Jumat, 20 Juni 2014

Jokowi Nilai Pernyataan Wiranto soal Prabowo Bukan Kampanye Hitam

Calon presiden Joko Widodo (Jokowi) menilai, pernyataan mantan Menteri Pertahanan dan Keamanan/Panglima ABRI Jenderal (Purn) Wiranto terkait kasus penculikan aktivis tahun 1998 bukan merupakan kampanye hitam terhadap calon presiden Prabowo Subianto.
"Kok black campaign sih. Bukan dong," ujar Jokowi di Universitas Muhammadiyah Surakarta (UMS), Solo, Jawa Tengah, Jumat (20/6/2014).

Jokowi melihat, pernyataan Wiranto tersebut merupakan jawaban atas pernyataan Prabowo dalam acara debat kandidat capres-cawapres pertama. Jokowi juga menegaskan bahwa pernyataan Wiranto bukanlah strategi politik dari kubu koalisi pendukung Jokowi-Jusuf Kalla. Wiranto adalah Ketua Umum Partai Hanura yang mendukung Jokowi-JK.
Namun, ia enggan mengomentari substansi pernyataan Wiranto. "Ya kalau atasannya (Prabowo) yang sudah menjawab itu, ya sudah itu. Pak Wiranto kan sebagai pelaku lapangan, mestinya fakta-fakta itu tahu," ujar Jokowi.
Sebelumnya, Wiranto menjelaskan berbagai hal mengenai peristiwa 1998. Wiranto mengatakan bahwa penculikan aktivis oleh Komando Pasukan Khusus, yang melibatkan Prabowo, bukan perintah atasan, melainkan inisiatifnya sendiri.
Seperti dikutip Kompas, Wiranto mengatakan tidak tahu-menahu siapa yang dimaksud atasan oleh Prabowo saat debat calon presiden dan calon wakil presiden beberapa waktu lalu. Saat menjawab pertanyaan calon wapres Jusuf Kalla soal peristiwa 1998, Prabowo hanya mempersilakan menanyakan langsung kepada atasannya.
Soal istilah diberhentikan atau dipecat dengan tidak hormat, Wiranto mengaku tak ingin terjebak pada istilah. Secara normatif, kata Wiranto, seorang prajurit diberhentikan dari dinas keprajuritan pasti ada sebabnya.

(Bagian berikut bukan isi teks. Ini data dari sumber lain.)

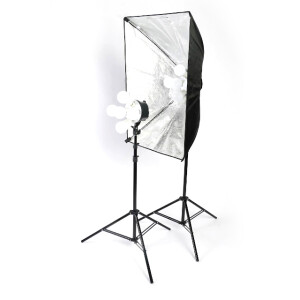 FST KF-130LED Kit комплект постоянного света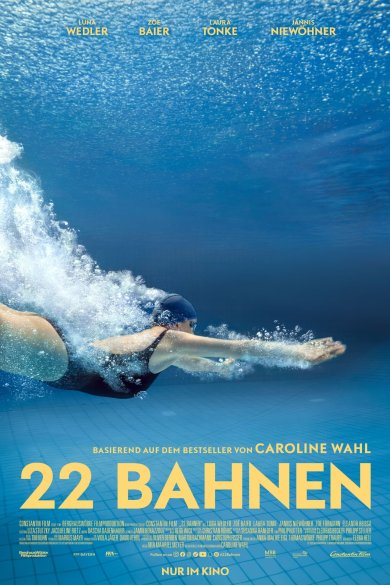 Filmplakat: 22 Bahnen Filmplakat: 22 Bahnen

Prajurit diberhentikan dengan hormat jika habis masa dinasnya, meninggal atau sakit parah sehingga tak bisa melaksanakan tugasnya, cacat akibat operasi tempur, kecelakaan, atau atas permintaan sendiri.
"Istilah diberhentikan dengan tidak hormat ialah karena perbuatannya melanggar Sapta Marga dan Sumpah Prajurit atau melanggar hukum sehingga tak pantas sebagai prajurit TNI. Pemberhentian Prabowo sebagai Pangkostrad disebabkan keterlibatannya dalam penculikan saat menjabat sebagai Komandan Jenderal Kopassus sehingga perbuatannya dianggap melanggar Sapta Marga, Sumpah Prajurit," kata Wiranto.
Tentang pembentukan Dewan Kehormatan Perwira (DKP), itu dilakukan untuk memastikan seberapa jauh keterlibatan Pangkostrad. Selanjutnya, DKP secara bulat merekomendasikan Prabowo dipecat dari dinas keprajuritan.
Sejauh ini, berdasarkan catatan Komisi untuk Orang Hilang dan Korban Tindak Kekerasan (Kontras), sebanyak 23 orang diduga diculik selama 1997-1998. Dari jumlah itu, sebanyak 9 orang sudah kembali, 13 orang hingga kini masih dinyatakan hilang, serta seorang di antaranya ditemukan meninggal.

Hanya Luruskan Sejarah
Sementara itu, anggota Tim Pemenangan Jokowi-JK, Susaningtyas Nefo Handayani Kertopati, atau akrab disapa Nuning, menyatakan bahwa Tim Prabowo-Hatta memiliki hak untuk melaporkan Wiranto terkait pernyataannya soal 1997-1998 di Jakarta, kemarin.
"Tetapi bagaimanapun harus diingat bahwa tujuan Pak Wiranto menyampaikan statement tersebut untuk meluruskan sejarah. Dan beliau kan bukan bertujuan memprovokasi," kata Nuning di Jakarta, Jumat (20/6).
Tidak ada juga niat Wiranto bermain politik dalam isu DKP ABRI dan Prabowo Subianto itu. Karena ketika ditanya wartawan sekalipun, Wiranto tak memiliki preferensi mengarahkan siapapun memilih Capres Jokowi, pesaing berat Prabowo.
"Dalam statement-nya kan Pak Wiranto bilang, mau pilih Pak Jokowi bagus, mau pilih Pak Prabowo silakan," kata Nuning, Anggota DPR RI dari Fraksi Partai Hanura itu.
"Pak Wiranto tidak sedang bermanuver politik. Beliau itu sesungguhnya tidak mau bicara pada awalnya. Tapi melihat perkembangannya banyak yang salah kaprah, maka beliau merasa terpanggil untuk menjelaskan bagaimana kejadian yang sesungguhnya."
Tim Prabowo-Hatta sendiri berencana melaporkan Wiranto ke Bawaslu, TNI, dan Polri atas pernyataannya soal DKP ABRI dan Prabowo Subianto dalam konteks peristiwa 1997-1998 lalu.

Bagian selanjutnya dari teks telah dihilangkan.